Październik zakończyłem z niewielką ilością wybieganych kilometrów. Wyszło tego około 85 km. Mało, ale miałem dwie przerwy - tygodniową "aby przestała boleć kostka" i drugą też tygodniową z powodu przeziębienia. Powoli wychodzi ze mnie "zmęczenie materiału" - nie bardzo mogę zwiększyć ilości przebieganych kilometrów, bo zaczynają się bóle stawów. Podobnie, gdy dodaje w treningu bardziej zaawansowane interwały. Wychodzi na to, że trzydzieści kilka kilometrów tygodniowo (+ podstawowe przebieżki) to na razie mój "limit wytrzymałości".
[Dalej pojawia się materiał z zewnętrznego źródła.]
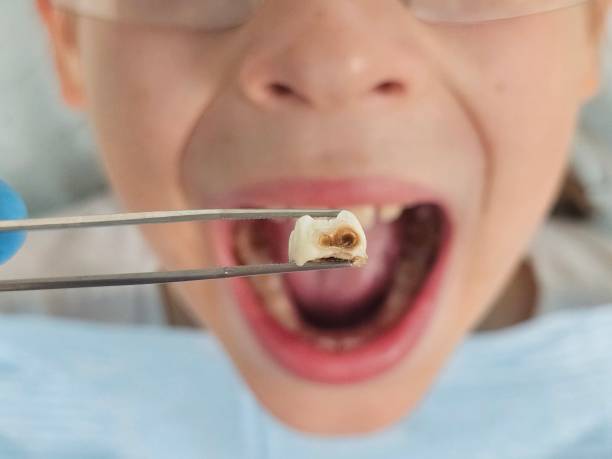 Best Emergency Cosmetic Dentistry (e.g., broken veneers) in Forked River, NJ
Jedyny jasny element treningowy października to seminarium aero kicboxingu. Podobało mi się, jednak będzie trudno uczęszczać na regularne treningi - termin nie bardzo mi pasuje. Będe musiał skleić coś z połączenia biegania, karate, aero i pływania. Basen ciągle nie został oddany do użytku - ale wybory samorządowe coraz bliżej wiec burmistrz po prostu MUSI otworzyć ten basen w ciagu 3 tygodni. Inaczej cała inwestycja na nic.
Burmistrz musi otworzyć basen, a ja muszę ustalić swoje cele na przyszły rok. Rozsądek mówi mi, że warto by się skoncentrować na półmaratonach. Przy 30-40 km w tygodniu trudno będzie "przetrzymać" pełny maraton. Tu niezbędna jest duża ilośc kilometrów w nogach. Połówki są pod tym względem znacznie prostsze - ale też takie "niepełne". Zobaczymy. Na razie jesień i spokojne rozbiegania.